WHAT YOU ARE ASKED TO DO: Starting with the line that contains "Snapshot of KellenWest" and stopping after the line that contains "Chiponsky One - 5", return each line below exactly as written, with no others.

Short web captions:
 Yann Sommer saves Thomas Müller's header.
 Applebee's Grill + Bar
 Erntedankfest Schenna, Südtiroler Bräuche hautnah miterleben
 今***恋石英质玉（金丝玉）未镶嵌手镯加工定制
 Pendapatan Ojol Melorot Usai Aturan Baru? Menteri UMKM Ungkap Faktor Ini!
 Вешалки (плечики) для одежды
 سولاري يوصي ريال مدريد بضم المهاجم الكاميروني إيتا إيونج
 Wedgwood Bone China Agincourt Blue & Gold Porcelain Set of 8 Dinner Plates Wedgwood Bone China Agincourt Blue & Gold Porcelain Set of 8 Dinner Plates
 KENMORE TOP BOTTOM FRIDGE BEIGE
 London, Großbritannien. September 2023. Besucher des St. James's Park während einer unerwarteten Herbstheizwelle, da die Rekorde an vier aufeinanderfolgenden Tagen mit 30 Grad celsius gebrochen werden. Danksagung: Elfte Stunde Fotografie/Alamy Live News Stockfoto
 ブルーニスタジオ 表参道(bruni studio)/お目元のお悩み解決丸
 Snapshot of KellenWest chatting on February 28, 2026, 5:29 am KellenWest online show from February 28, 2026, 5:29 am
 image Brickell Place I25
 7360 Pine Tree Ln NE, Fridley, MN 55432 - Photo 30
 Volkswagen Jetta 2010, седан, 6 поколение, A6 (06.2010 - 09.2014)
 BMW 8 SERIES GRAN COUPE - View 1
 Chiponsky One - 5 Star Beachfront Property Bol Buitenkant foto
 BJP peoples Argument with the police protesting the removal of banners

SOLUTION FOR THIS EXERCISE:
 Snapshot of KellenWest chatting on February 28, 2026, 5:29 am KellenWest online show from February 28, 2026, 5:29 am
 image Brickell Place I25
 7360 Pine Tree Ln NE, Fridley, MN 55432 - Photo 30
 Volkswagen Jetta 2010, седан, 6 поколение, A6 (06.2010 - 09.2014)
 BMW 8 SERIES GRAN COUPE - View 1
 Chiponsky One - 5 Star Beachfront Property Bol Buitenkant foto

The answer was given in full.